- What to produce
Return the material below exactly, but only from the line with "Bắc Ninh: Tiếp" through the line with "Black & white", and without its pictures.

- Supplied data
***

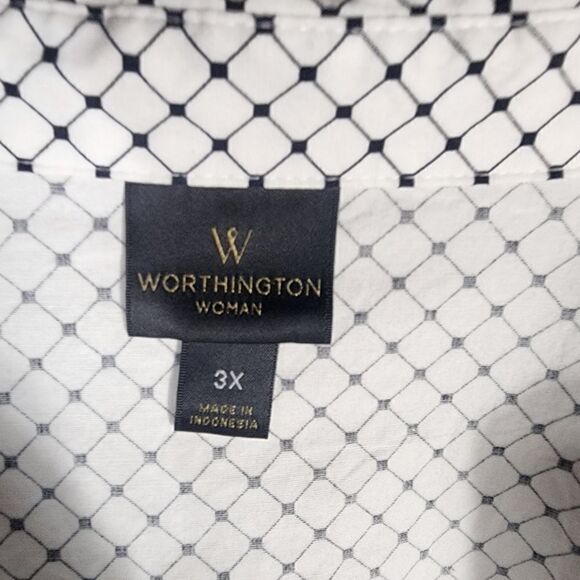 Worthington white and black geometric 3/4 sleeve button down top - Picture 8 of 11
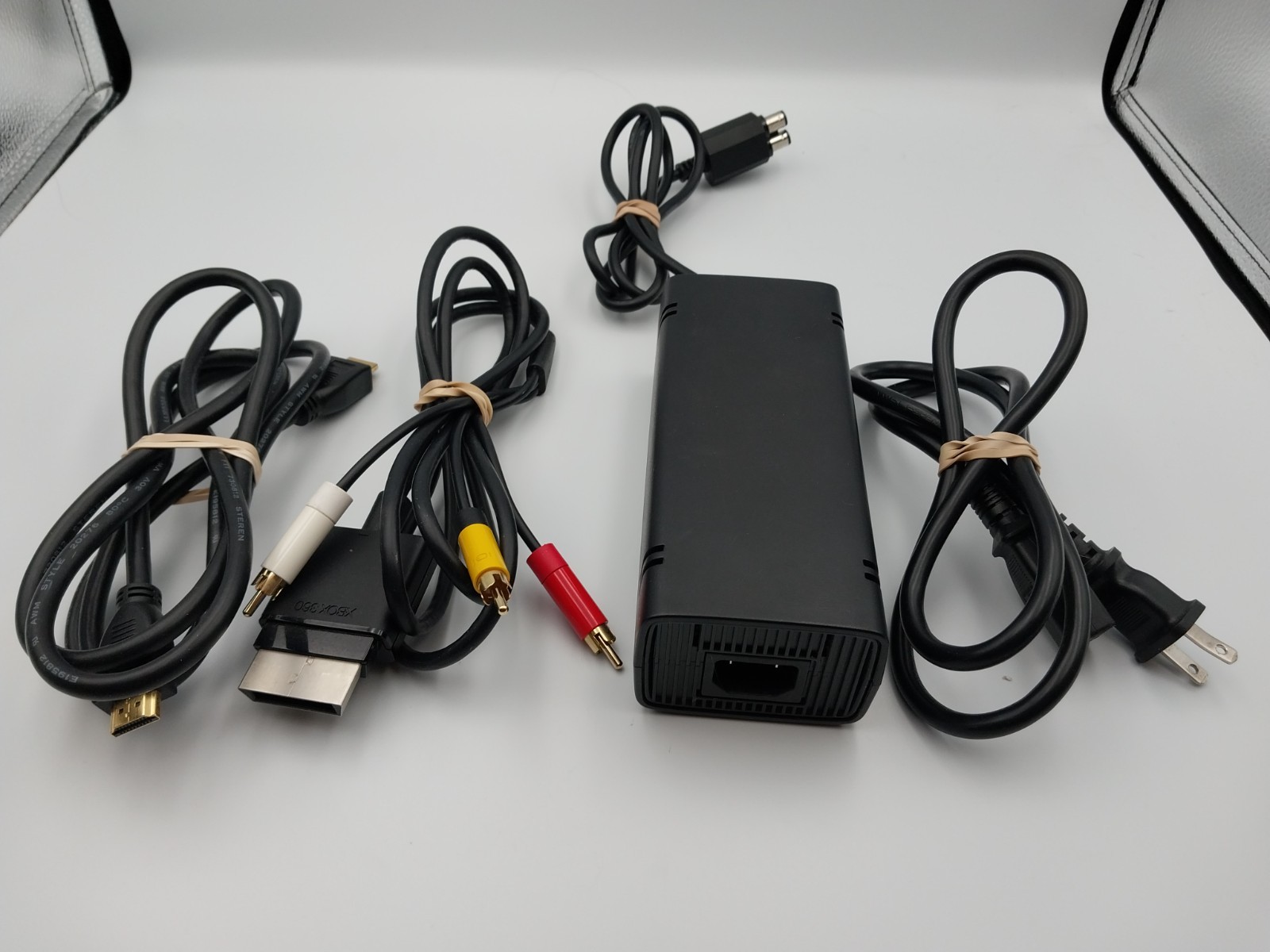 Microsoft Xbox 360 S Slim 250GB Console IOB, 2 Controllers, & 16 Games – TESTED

***

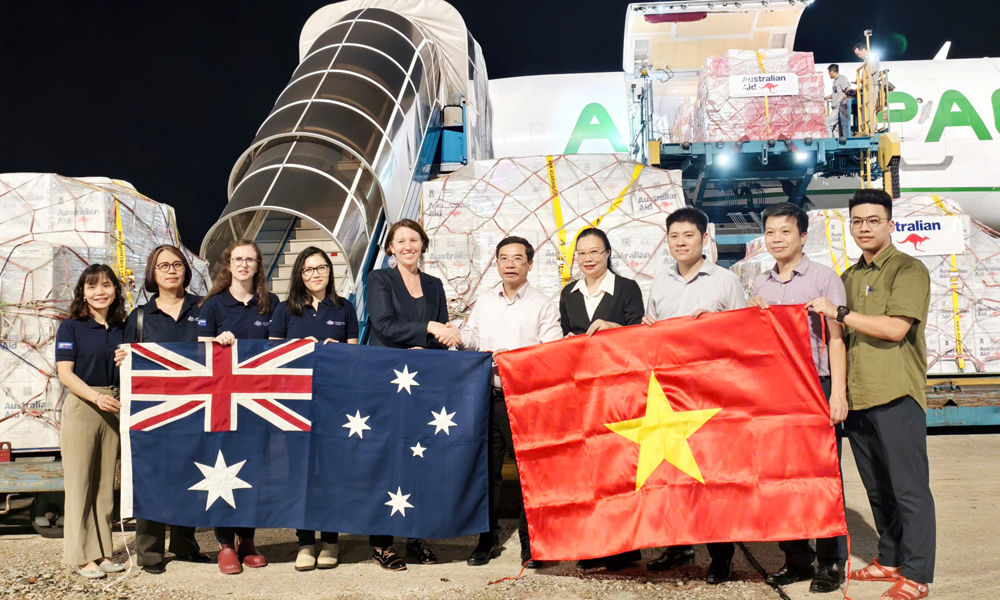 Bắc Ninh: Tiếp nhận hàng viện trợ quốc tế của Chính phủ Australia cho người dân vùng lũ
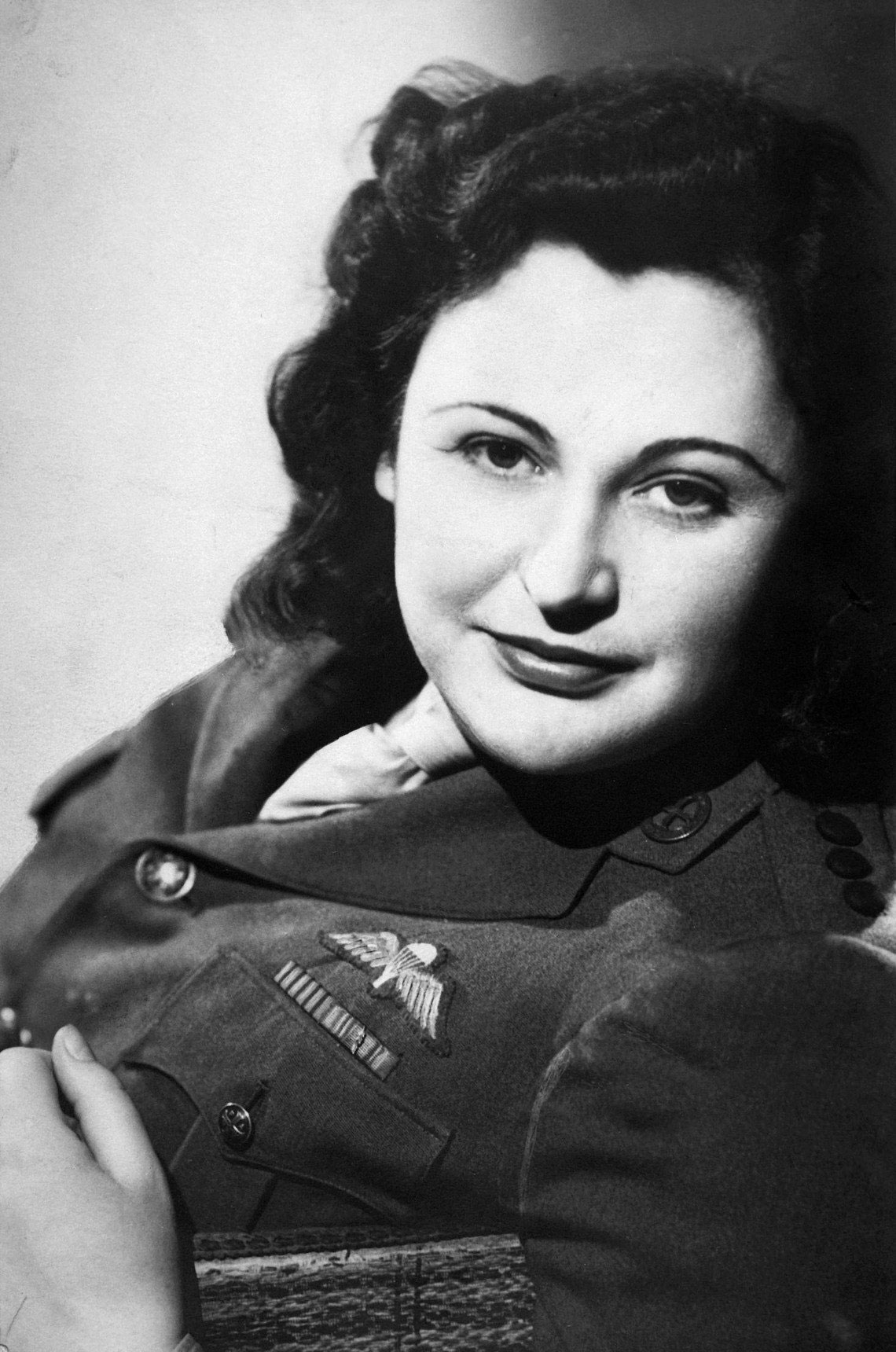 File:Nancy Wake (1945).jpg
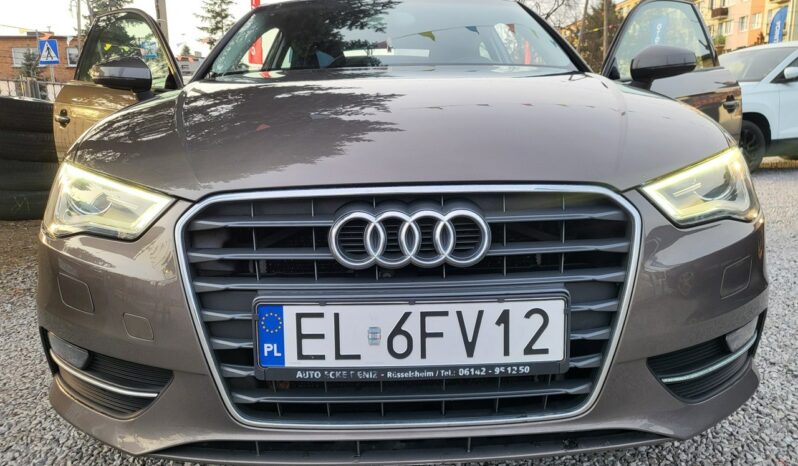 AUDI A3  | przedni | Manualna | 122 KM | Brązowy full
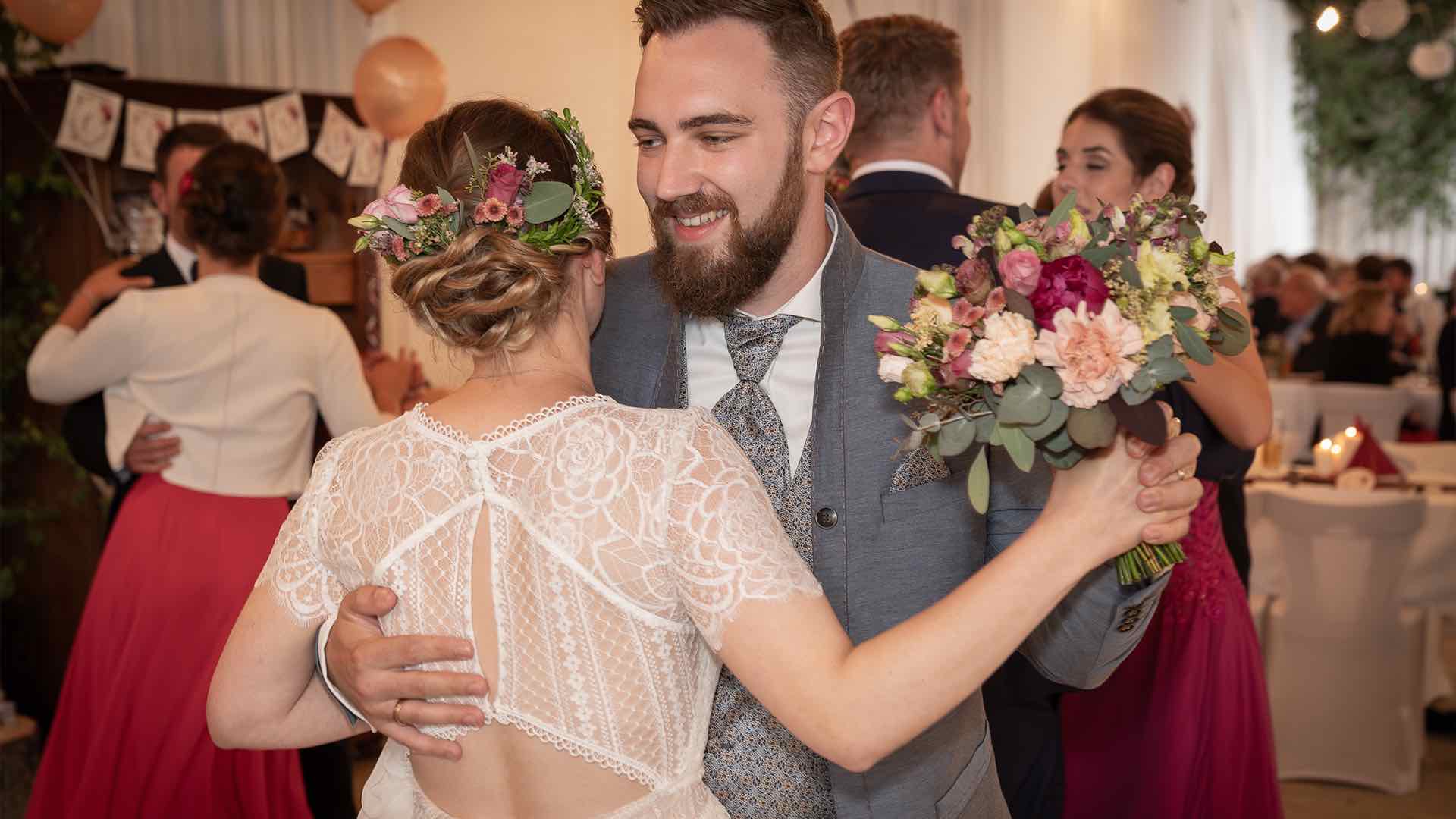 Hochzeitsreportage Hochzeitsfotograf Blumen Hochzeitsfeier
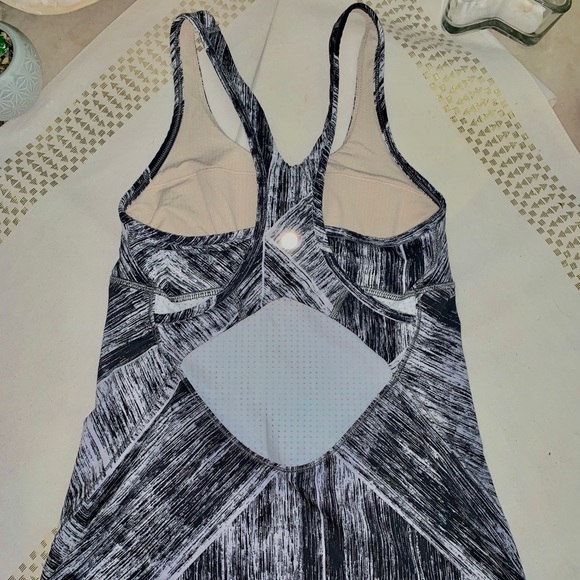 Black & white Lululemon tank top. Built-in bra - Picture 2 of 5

***

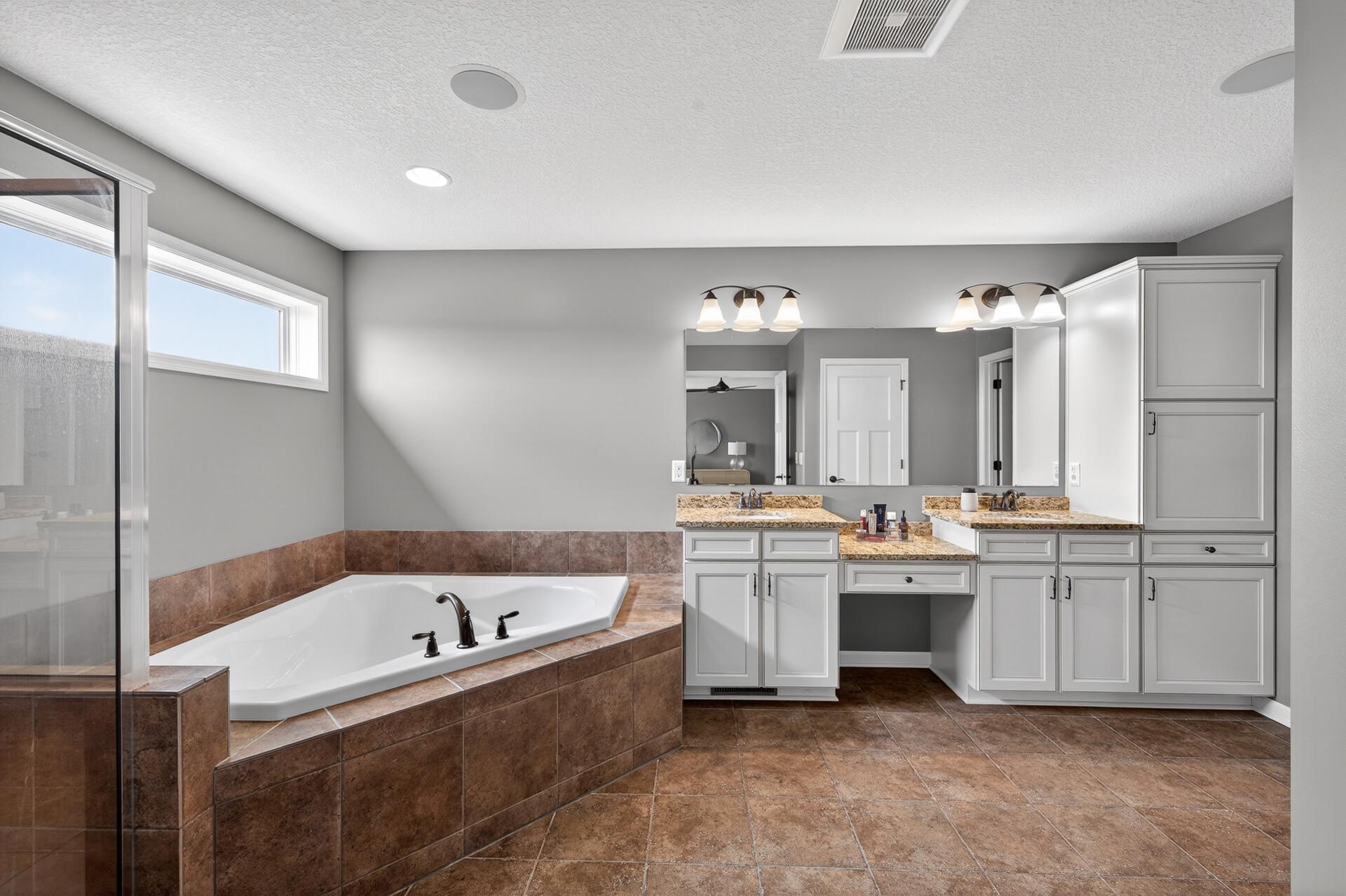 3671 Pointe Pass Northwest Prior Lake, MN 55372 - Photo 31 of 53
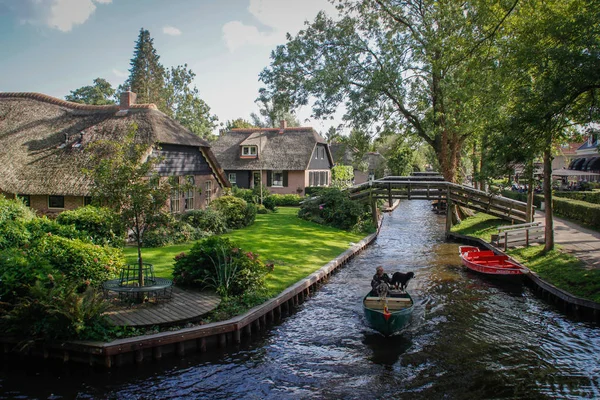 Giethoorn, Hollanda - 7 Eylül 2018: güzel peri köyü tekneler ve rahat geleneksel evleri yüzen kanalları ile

***

- Written reply
 Bắc Ninh: Tiếp nhận hàng viện trợ quốc tế của Chính phủ Australia cho người dân vùng lũ
 File:Nancy Wake (1945).jpg
 AUDI A3  | przedni | Manualna | 122 KM | Brązowy full
 Hochzeitsreportage Hochzeitsfotograf Blumen Hochzeitsfeier
 Black & white Lululemon tank top. Built-in bra - Picture 2 of 5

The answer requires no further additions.